Commercial loans totaled $203.966 million or 36.2% of total loans as of December 31, 2004, compared to $152.4 million or 34.0% as of December 31, 2003. An improving local economy, strong sales effort and the addition of experienced lenders fueled the commercial growth. The southwest Michigan market continued to have its strong growth pattern.

Commercial loans consisted of the following types of loans at December 31:

                                                 
    2004     2003  
                    Percent of                     Percent of  
    Number     Amount     Portfolio     Number     Amount     Portfolio  
     
SBA guaranteed loans
    25     $ 6,110       3.00 %     27     $ 6,617       4.34 %
Municipal government
    20       5,804       2.85       21       6,440       4.23  
Lines of credit
    304       31,480       15.43       218       30,208       19.83  
Real estate and equipment term loans
    634       160,572       78.72       421       109,097       71.60  
     
 
Total
    983     $ 203,966       100.00 %     687     $ 152,362       100.00 %
     

Consumer Loans

Consumer loans totaled $142.945 million or 25.3% of total loans as of December 31, 2004, compared to $101,872 million or 22.8% as of December 31, 2003. The total consumer loan portfolio increased 40.3% in 2004. The growth in consumer loans resulted from an increase in the number of automobile dealers from whom Horizon buys loans.

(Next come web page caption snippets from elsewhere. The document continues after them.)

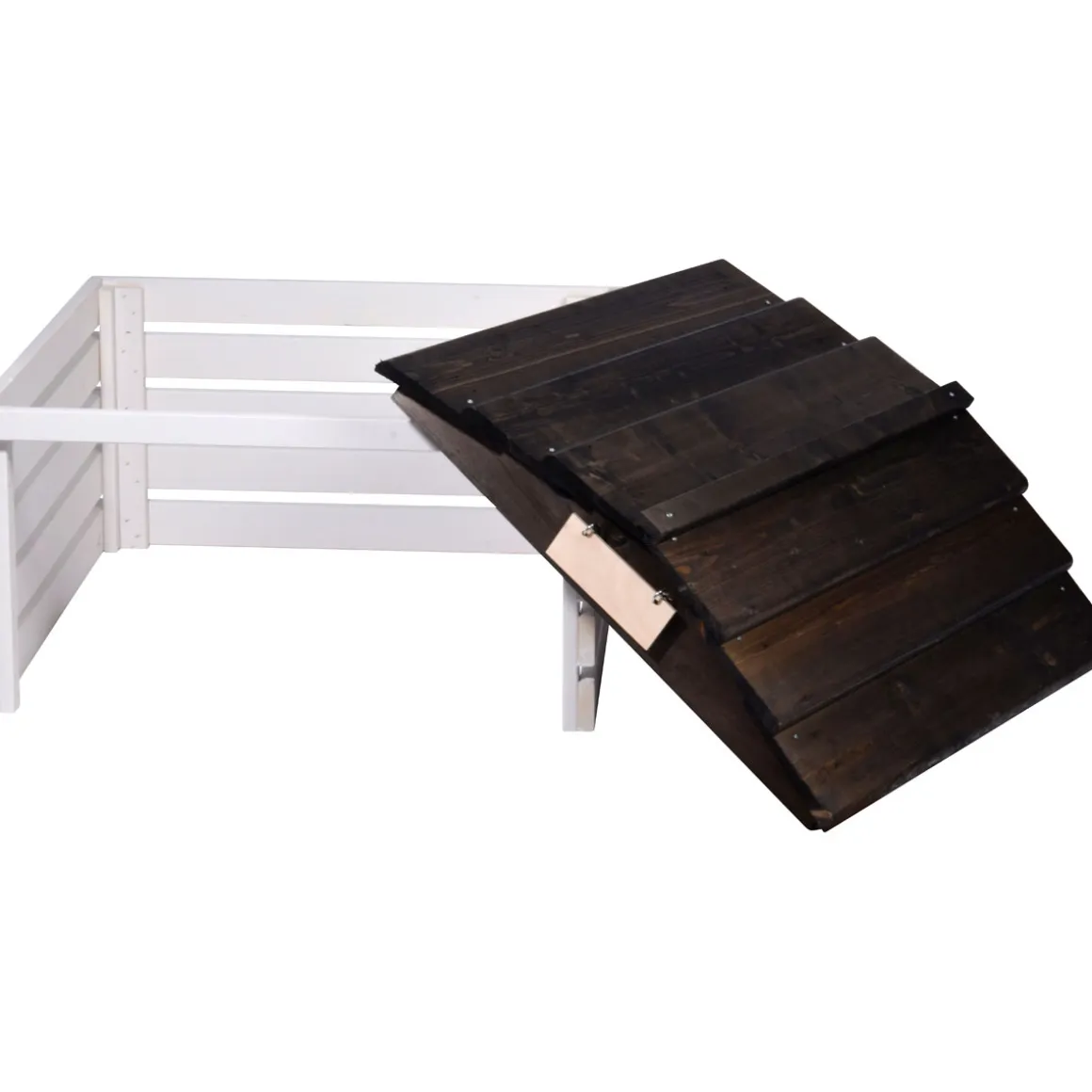 dobar Mährobotergarage 78,5 x 74 x 52,5 cm weiß-schwarz
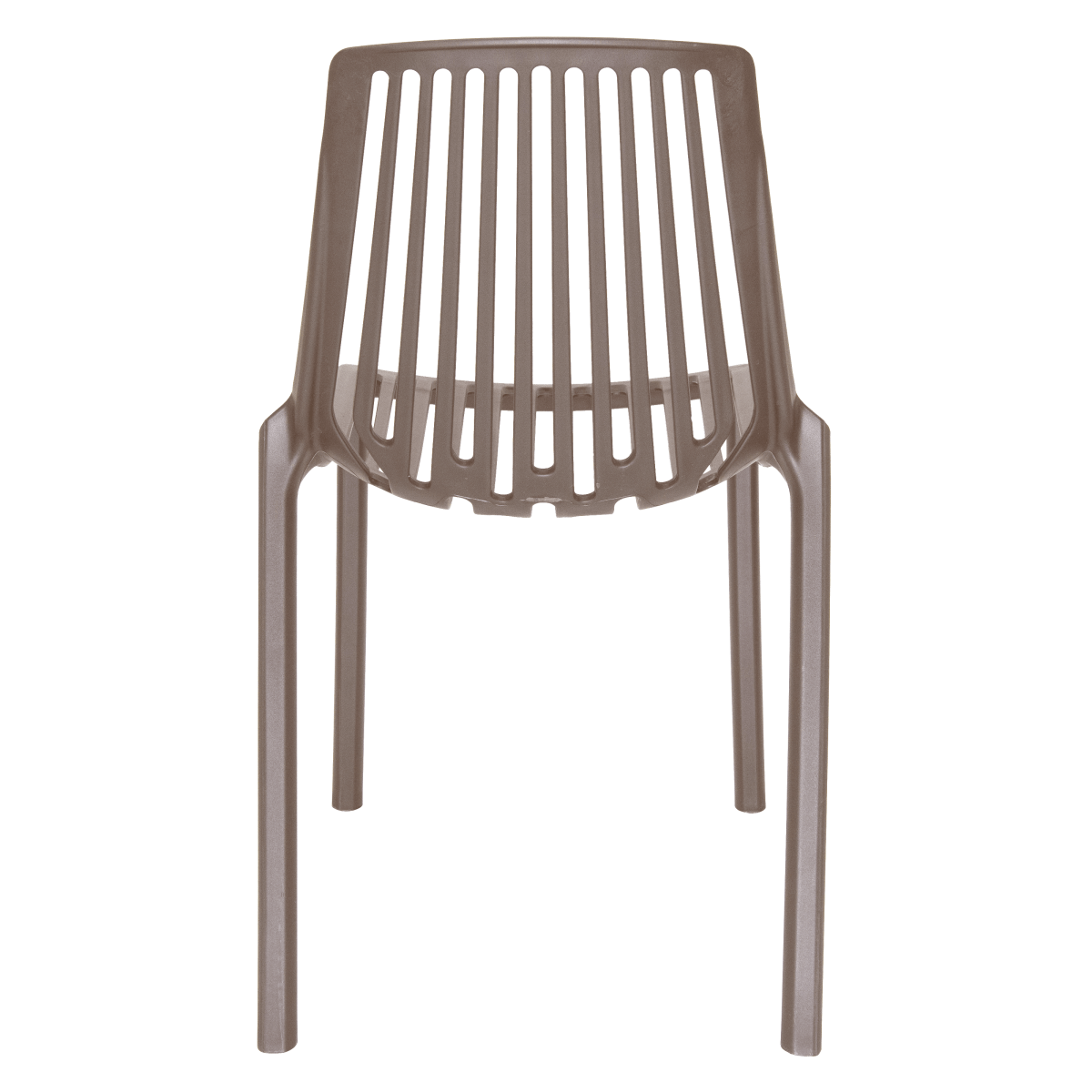 Acken Mid Century Modern Plastic Stackable Dining Chair Set of 2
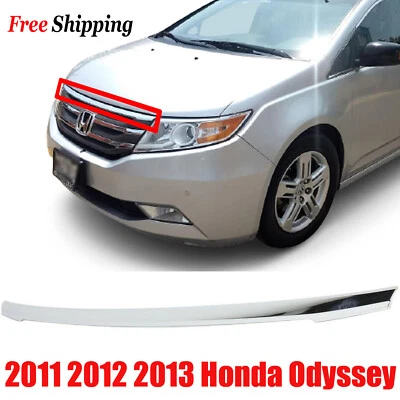 For 2011-2013 Honda Odyssey Front Upper Grille Trim Grill Chrome HO1217105 Foto 1 de 4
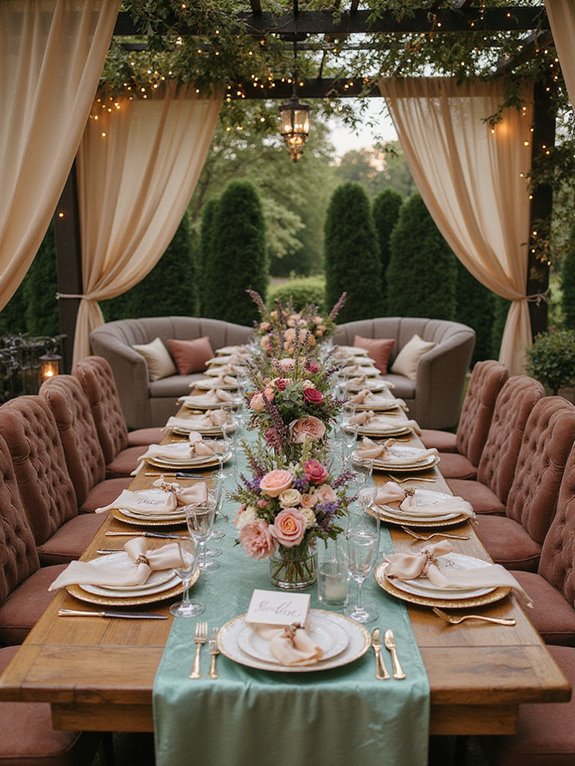 luxurious wedding linens selection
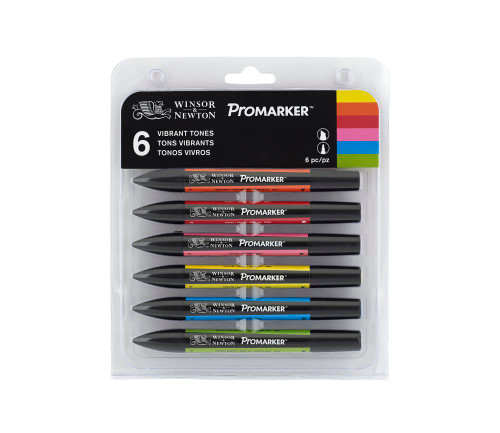 438551, WN PROMARKER 6 SET VIBRANT TONES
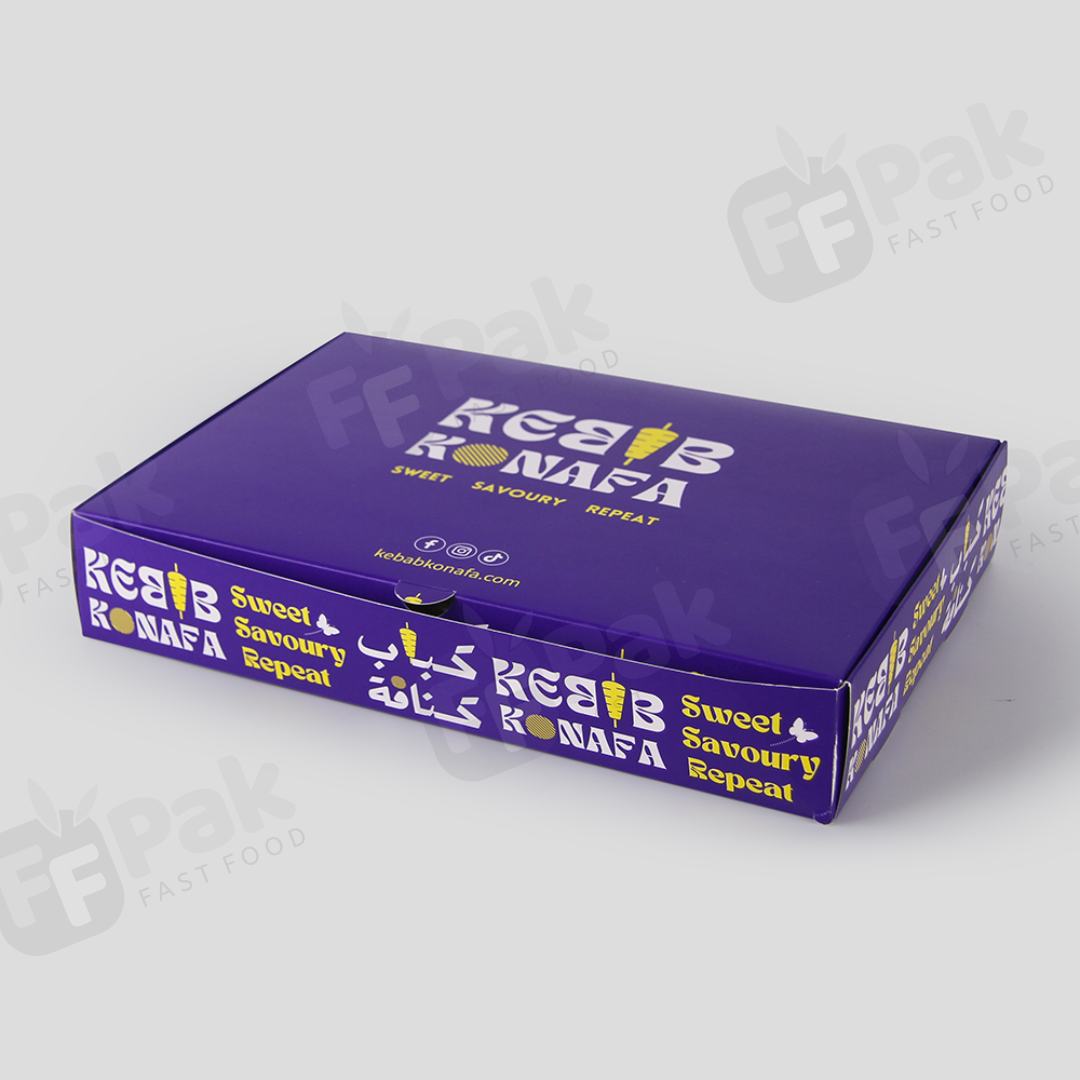 Personalized Kebab Branding Package Kebab Food Packaging Solution with Custom Logo Designed for Shawarma Kebabs - Fastfoodpak
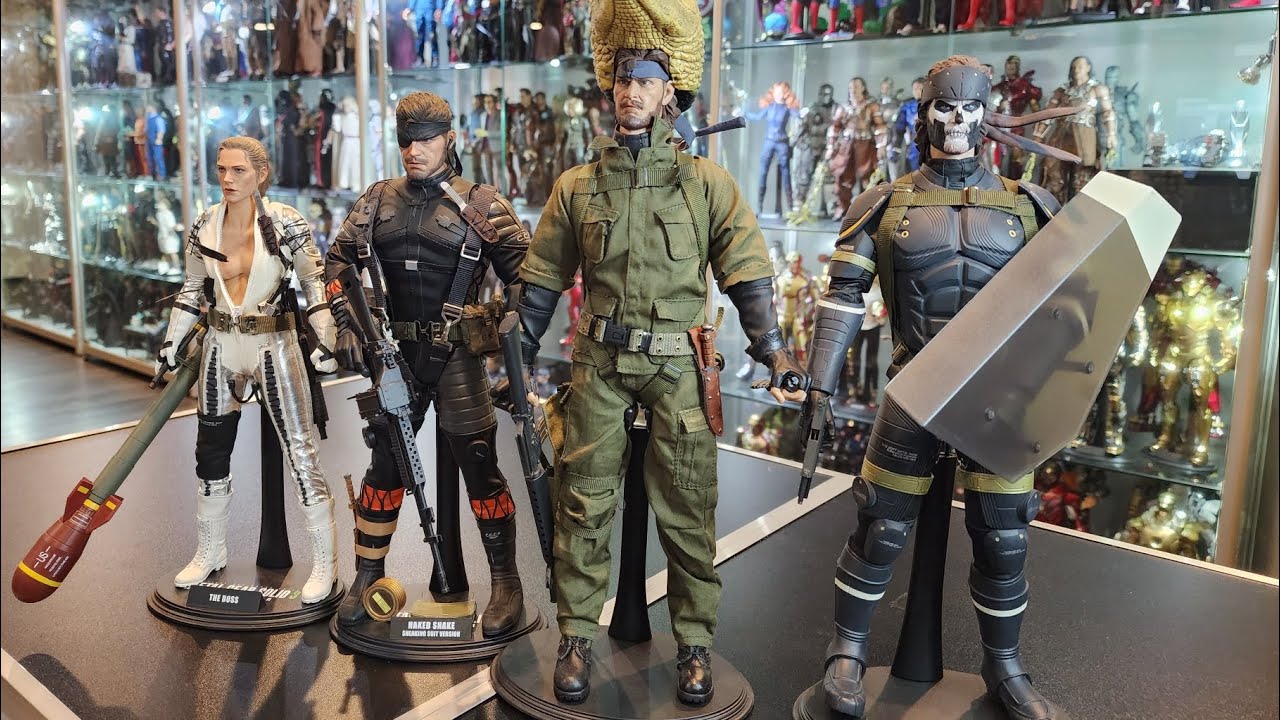 Мои фигурки Hot Toys и Inflames Toys Metal Gear Solid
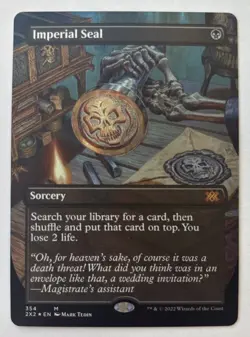 Imperial Seal Borderless Foil Double Masters 2022 Magic: The Gathering - Image 1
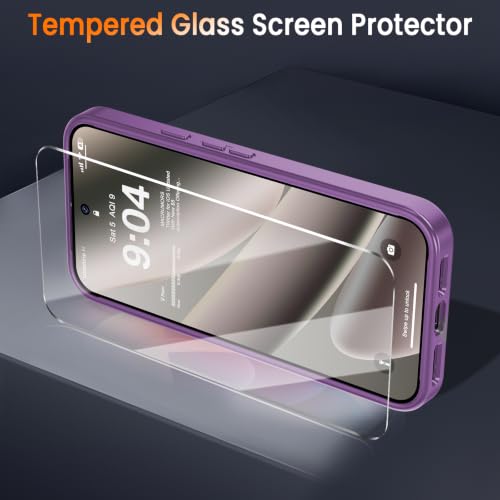 Image of WRJ Magnetic for Google Pixel 11 /11 Pro Case+Screen Protector, Purple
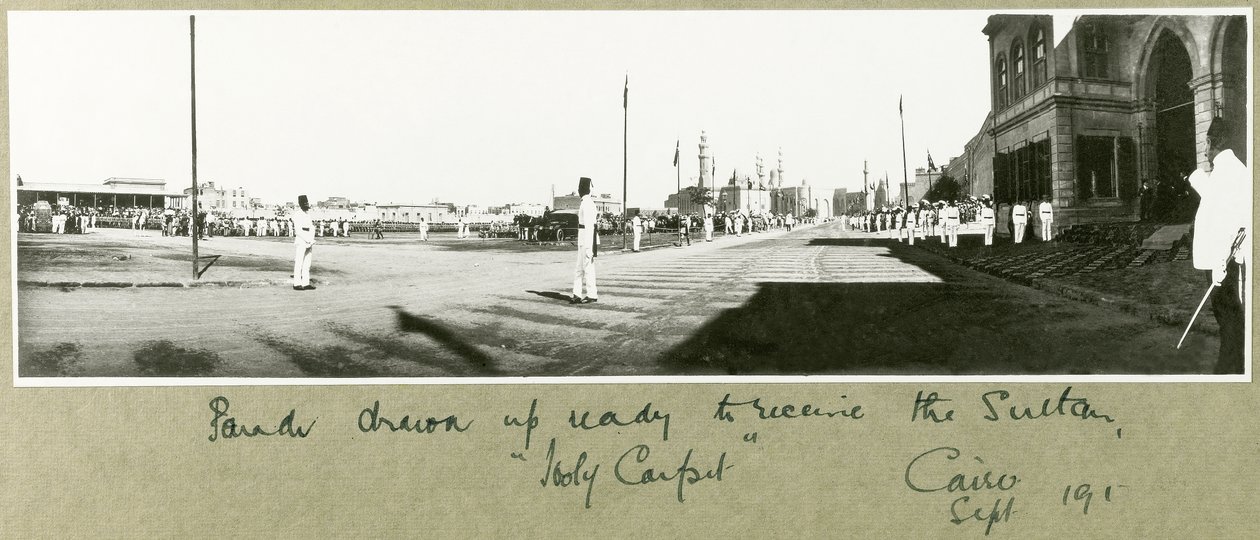 Parade drawn up ready to receive the Sultan, Cairo, September 1917 by Capt. Arthur Rhodes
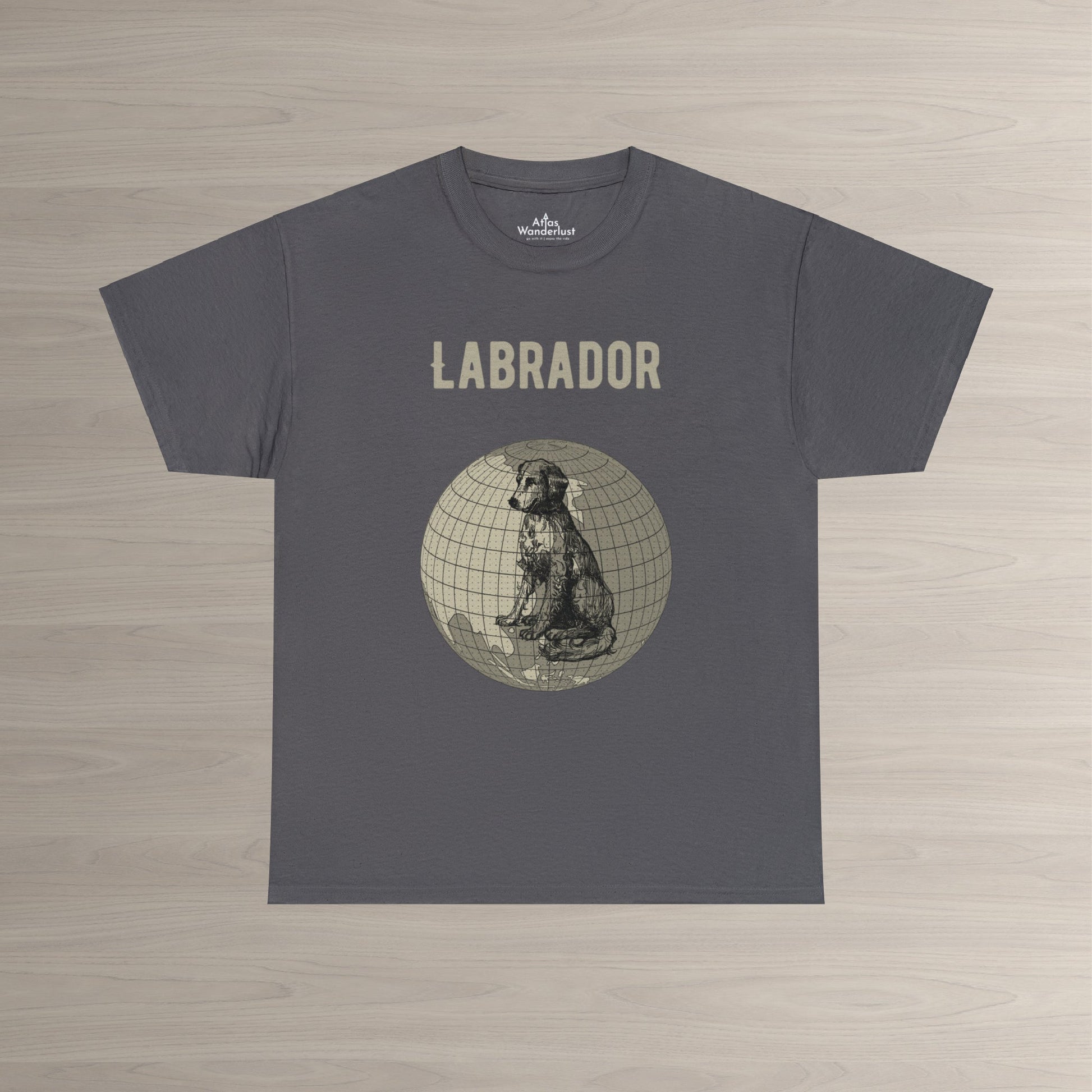 Labrador RetrieverT-Shirt, Old-World Map Tee Atlas Wanderlust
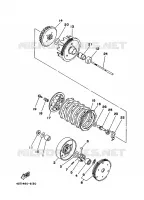 STARTER CLUTCH for Yamaha T105  1996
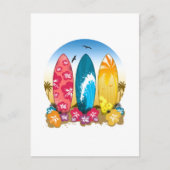 Surfplank Briefkaart (Voorkant)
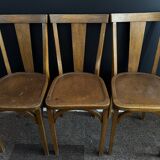 Bistro table and set of 3 bistro chairs
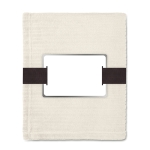 Couverture en polaire avec étiquette pour logo 240 g/m² Yellow Stone couleur beige deuxième vue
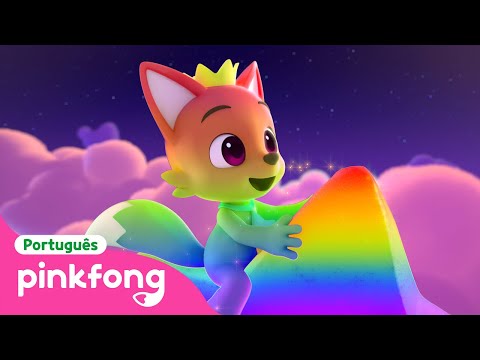Canção Estrelas Coloridas do Pinkfong | Canção de Cores|Pinkfong, Bebê Tubarão!Canções para Crianças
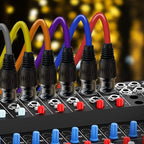 AuxLink XLR Cables, Microphone Cable 3ft 10 Pack, XLR Male to Female Gold-Plated 3-Pins 10 Color Cable, XLR Speaker Cable for Microphone, Mixer, Recording Studio- 3 Feet, 10 Pack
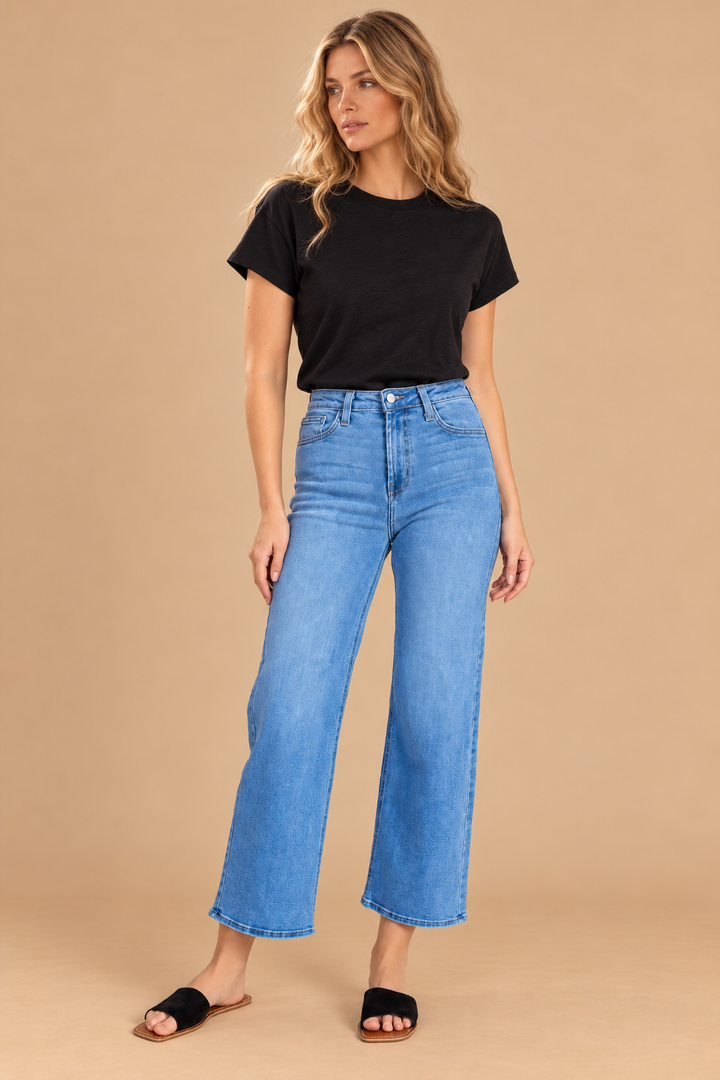 California Classic Wide Leg Jeans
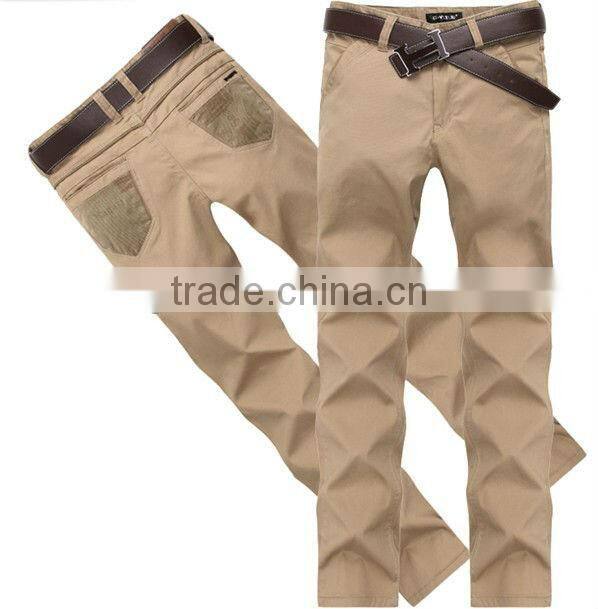 Man's Spring & Summer Solid Bright Color Fashionable Casual Pants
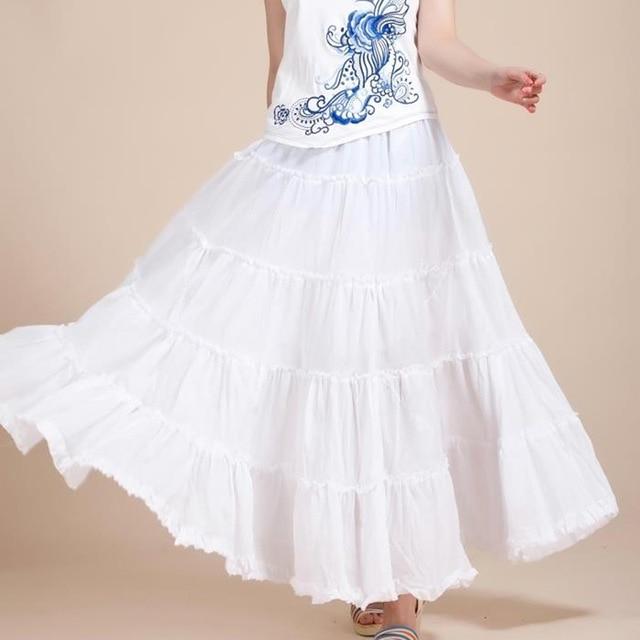 Jupe Longue Boho <br/>Mousseline Plissée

Growth also came in home equity lines of credit through increased marketing and a more competitive product.

Mortgage Warehouse Loans

In November 1999, Horizon began a mortgage-warehousing program. Horizon enters into agreements with mortgage companies and purchases, at its discretion, mortgage loans from mortgage companies at par, net of certain fees, and later sells them back to the mortgage companies at the same amount and without recourse provisions. Interest income is recorded based upon a rate of interest tied to the prime rate during the funding period, not the rates on the individual note. Such loans are made to individuals and reviewed, prior to purchase, for evidence that the loans are of secondary market quality and meet Horizon’s internal underwriting guidelines. An assignment of the mortgage to Horizon is required. In addition, Horizon takes possession of the original note and forwards such note to the end investor. In the event that the end investor would not honor this commitment and the mortgage companies would not be able to honor their repurchase obligations, Horizon would then need to sell these loans in the secondary market at the fair value of these loans. Loans are typically resold within 30 days and are seldom held more than 90 days.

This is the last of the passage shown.